Question

Two charges, each equal to$\;q$, are kept at $x=-a$ and $x=a$ on the x-axis. A particle of mass$\;m$ and charge $q_0 = \dfrac{q}{2}$ is placed at the origin. If charge $q_0$ is given a small displacement $\left( y<< a \right)$ along the y-axis, the net force acting on the particle is proportional to:
A). $\;-y$
B). $\dfrac{1}{y^2}$
C). $-\dfrac{1}{y}$
D). $\;y$

Answer 1

Hint: Recall that since the charges and the particle possess like charges, they experience a repulsive force. This repulsive force is directed from the charges towards the particle since the particle possesses a lesser electric charge than the charges themselves. Resolve this force exerted by each charge into horizontal and vertical components and determine the resultant force acting in both the directions. To this end, additively find the net force acting on the particle and arrive at an appropriate expression that establishes a relationship between the net force and the particle displacement.
Formula Used:
Coulomb’s Law: $F = \dfrac{kq_1q_2}{r^2}$

Complete step-by-step solution:
We are given that two charges, each having a charge$\;q$ are kept opposite to each other along the x-axis at a distance of$\;a$ from the origin.

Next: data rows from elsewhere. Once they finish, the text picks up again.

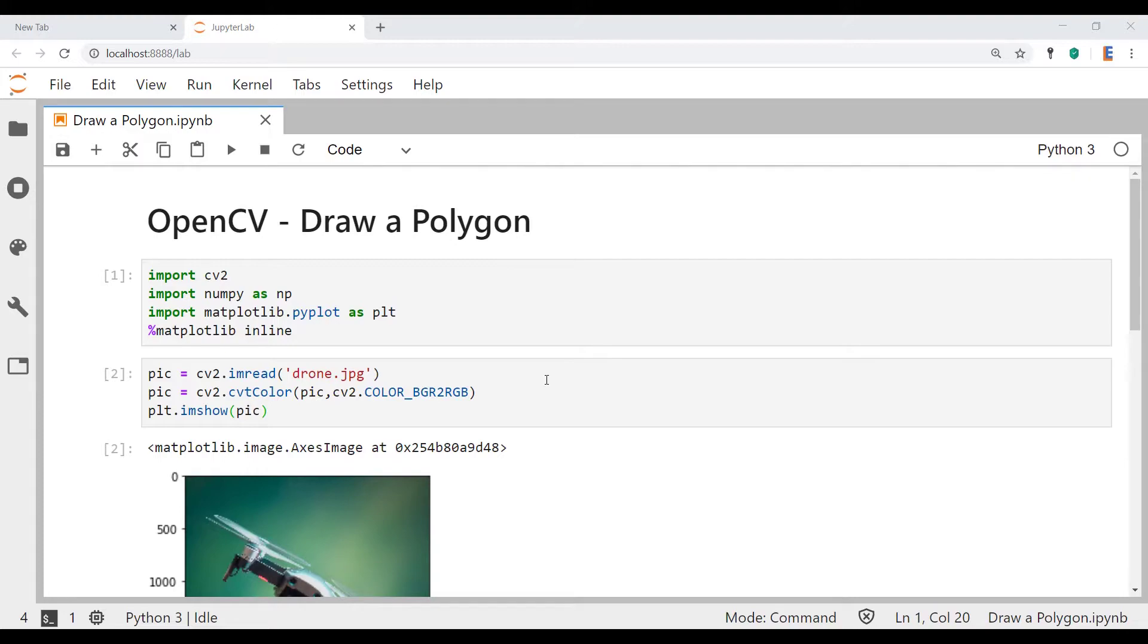Hello and welcome everybody to Elanus Labs. Today I'm going to be showing you how you can draw a polygon using OpenCV.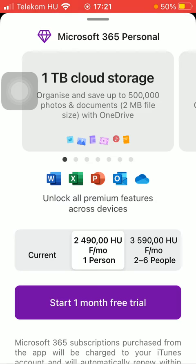And if you are convinced and you would like to purchase this pack, click on 'Start one month free trial' in order to start your one month free period, so that you can test whether you like this premium or not.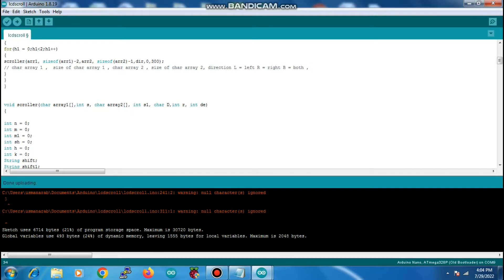Then we have this parameter for row — whether we want to scroll in the first row or in the second row. If this value is changed from 0 to 1 or 1 to 0, it will swap character array 1 and character array 2 positions in the rows. Then we have the delay parameter, which is for controlling speed.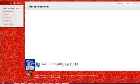The instructor may or may not have the Create a Thread option available. If it's not available, you'll only be able to reply to an existing post.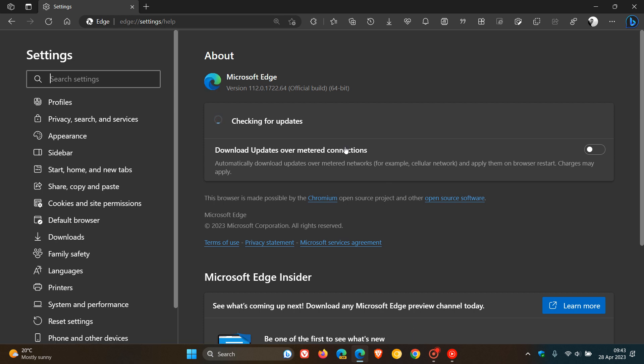The latest version and build has been bumped up to version 112.0.1722.64. Once again, just another point release, which moves us up from 0.58 to 0.64.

Another particle of charge $\dfrac{q}{2}$ is placed along the y-axis at a distance$\;y$ from the origin as shown in the figure. The charges$\;q$ each exert a repulsive force directing outwards on the particle as shown.
Let the magnitude of force exerted by each charge$\;q$ on the particle of charge $\dfrac{q}{2}$ be$\;F$. From Coulomb’s law, this will be equivalent to:
$F = \dfrac{kq\left(\dfrac{q}{2}\right)}{r^2}$
where k is the Coulomb’s constant, and r is the distance between the charges$\;q$ and $\dfrac{q}{2}$
The distance between$\;q$ and $\dfrac{q}{2}$ can be found by applying Pythagora's theorem to one of the right angles formed, as shown in the figure.
$\Rightarrow r^2 = y^2+a^2 \Rightarrow r =\sqrt{y^2+a^2}$

Therefore, $F = \dfrac{kq^2}{2\left(y^2+a^2\right)}$
To find the net force acting on the particle, we resolve the force that they exert on the particle into their respective horizontal and vertical components. Let $\theta$ be the angle that the force exerted by the charges makes with the y-axis.
The net force along the horizontal direction will be:
 $F_{H} = F\;sin\theta + (-F\;sin\theta) = F\;sin\theta – F\;sin\theta = 0$
Therefore, no force acts on the particle of charge $\dfrac{q}{2}$ in the horizontal direction.
The net force acting along the vertical direction will be:
$F_{V} = F\;cos\theta + F\;cos\theta = 2F\;cos\theta$
Therefore, the total force acting on the particle of charge $\dfrac{q}{2}$ will be the sum of the forces acting on it in the horizontal and vertical directions, i.e.,
$F_{net} = F_{H} +F_{V} = 0 + 2F\;cos\theta = 2F\;cos\theta$
But $F = \dfrac{kq^2}{2\left(y^2+a^2\right)}$
Therefore, $F_{net} = \dfrac{2kq^2}{2\left(y^2+a^2\right)}\;cos\theta = \dfrac{kq^2}{\left(y^2+a^2\right)}\;cos\theta$
From the diagram, taking any one of the right-angled triangles, we have:
$cos\theta = \dfrac{y}{r} = \dfrac{y}{\sqrt{\left(y^2+a^2\right)}}$
Plugging this into our net force equation we get:
$F_{net} = \dfrac{2kq^2}{2\left(y^2+a^2\right)}\;cos\theta = \dfrac{kq^2}{\left(y^2+a^2\right)}. \dfrac{y}{\sqrt{\left(y^2+a^2\right)}}$
$\Rightarrow F_{net} = \dfrac{kq^2y}{\left(y^2+a^2\right)^{3/2}}$
But we are given that $y << a$ which means that we can approximate $y^2 +a^2 \approx a^2$, so the above equation becomes:
$F_{net} = \dfrac{kq^2y}{\left(a^2\right)^{3/2}} = \dfrac{kq^2y}{\left(a^2\right)}$
$\Rightarrow F_{net} \propto y$
Therefore, the correct option is D.$\;y$

Note: While resolving the vectors into their horizontal and vertical components, remember to assign the sine and cosine values correctly since it is a common misconception that the horizontal side is always the cosine part and the vertical side is the sine part.
The correct way to go about this would be to establish that the component that is adjacent to $\theta$ assumes a cosine value, whereas the component that is opposite to $\theta$ assumes a sine value.